## Recorded information:
################
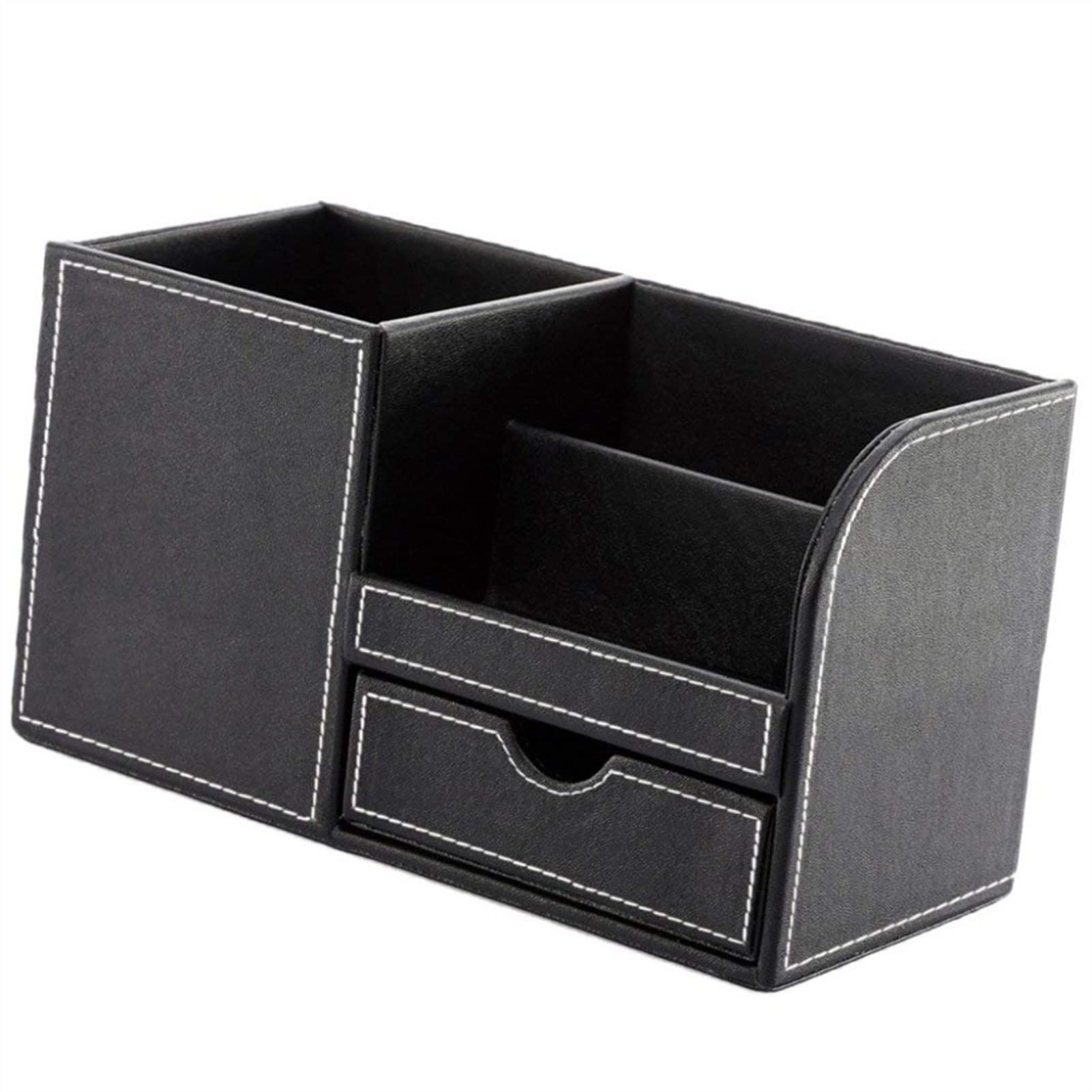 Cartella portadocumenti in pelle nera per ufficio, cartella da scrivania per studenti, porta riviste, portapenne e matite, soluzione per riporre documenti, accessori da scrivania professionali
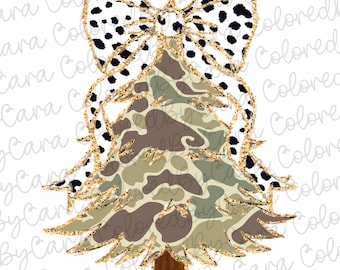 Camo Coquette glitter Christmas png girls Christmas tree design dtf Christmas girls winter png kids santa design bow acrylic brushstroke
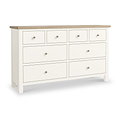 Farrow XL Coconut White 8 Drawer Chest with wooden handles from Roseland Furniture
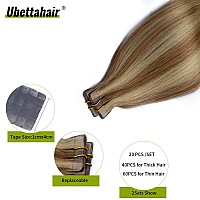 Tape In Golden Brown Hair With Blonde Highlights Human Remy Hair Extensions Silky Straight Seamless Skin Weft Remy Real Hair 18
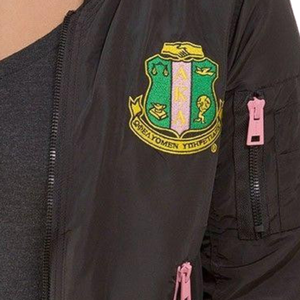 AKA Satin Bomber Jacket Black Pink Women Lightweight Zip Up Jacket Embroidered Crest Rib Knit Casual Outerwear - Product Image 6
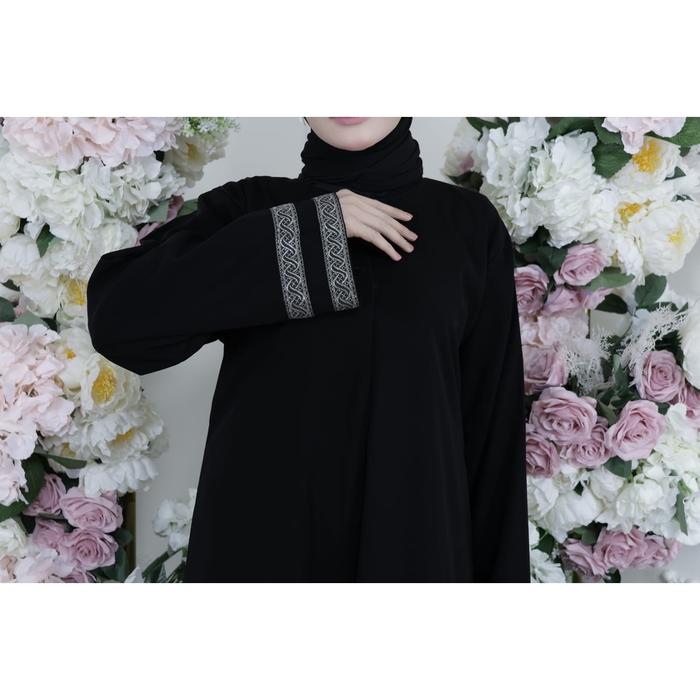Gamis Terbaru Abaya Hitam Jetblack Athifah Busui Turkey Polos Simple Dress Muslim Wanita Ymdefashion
################
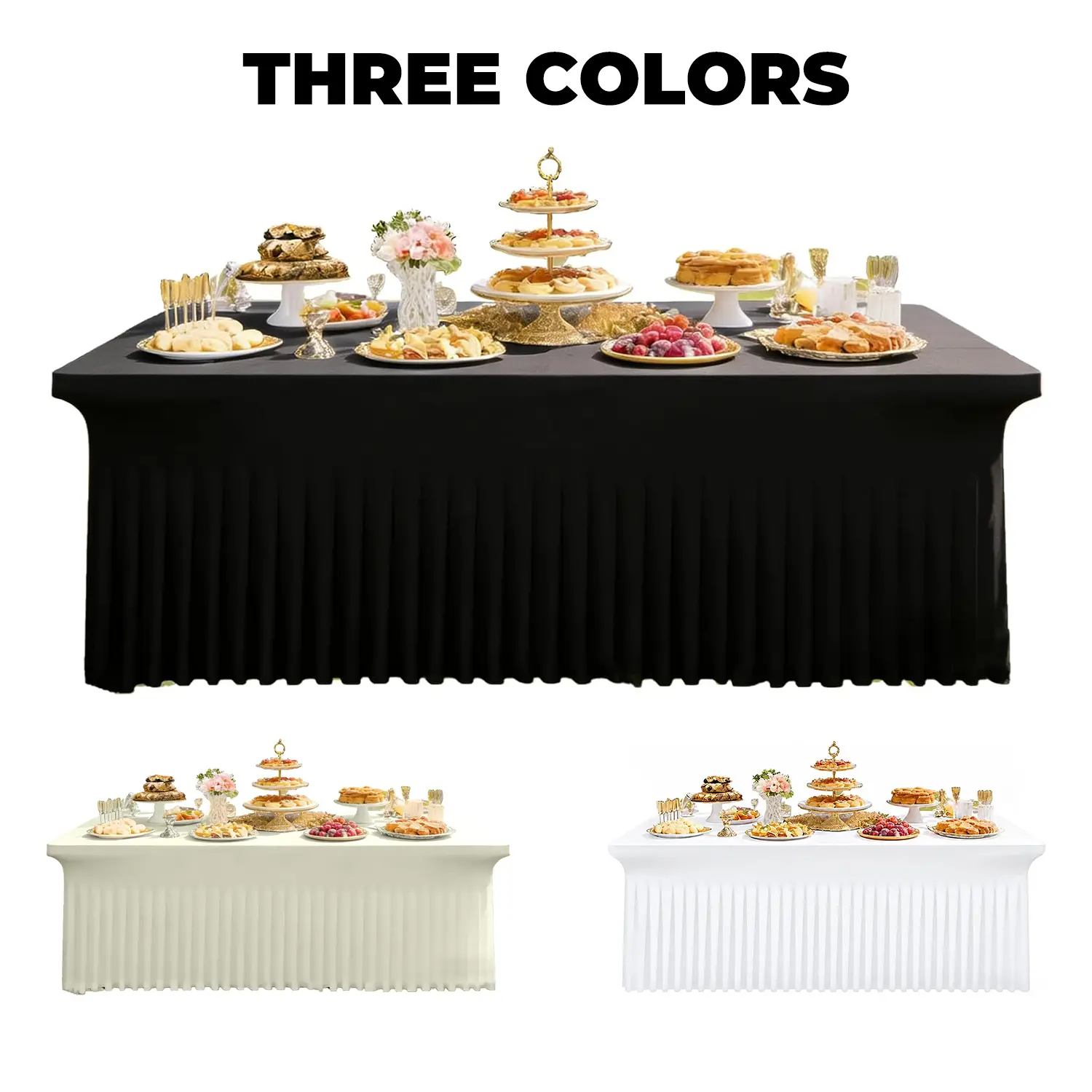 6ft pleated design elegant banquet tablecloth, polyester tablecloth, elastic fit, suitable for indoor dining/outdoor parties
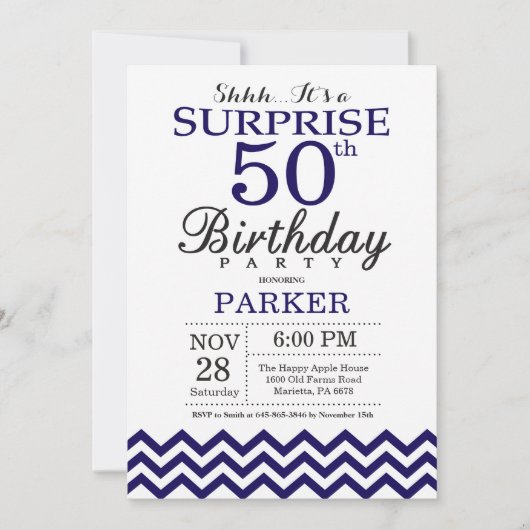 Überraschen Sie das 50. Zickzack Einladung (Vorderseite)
################
## Prompt:
Beginning with the line that contains "AKA Satin Bomber" and ending with the line that contains "Gamis Terbaru Abaya", reproduce the listing exactly, pictures excluded.

## Exercise answer:
 AKA Satin Bomber Jacket Black Pink Women Lightweight Zip Up Jacket Embroidered Crest Rib Knit Casual Outerwear - Product Image 6
Gamis Terbaru Abaya Hitam Jetblack Athifah Busui Turkey Polos Simple Dress Muslim Wanita Ymdefashion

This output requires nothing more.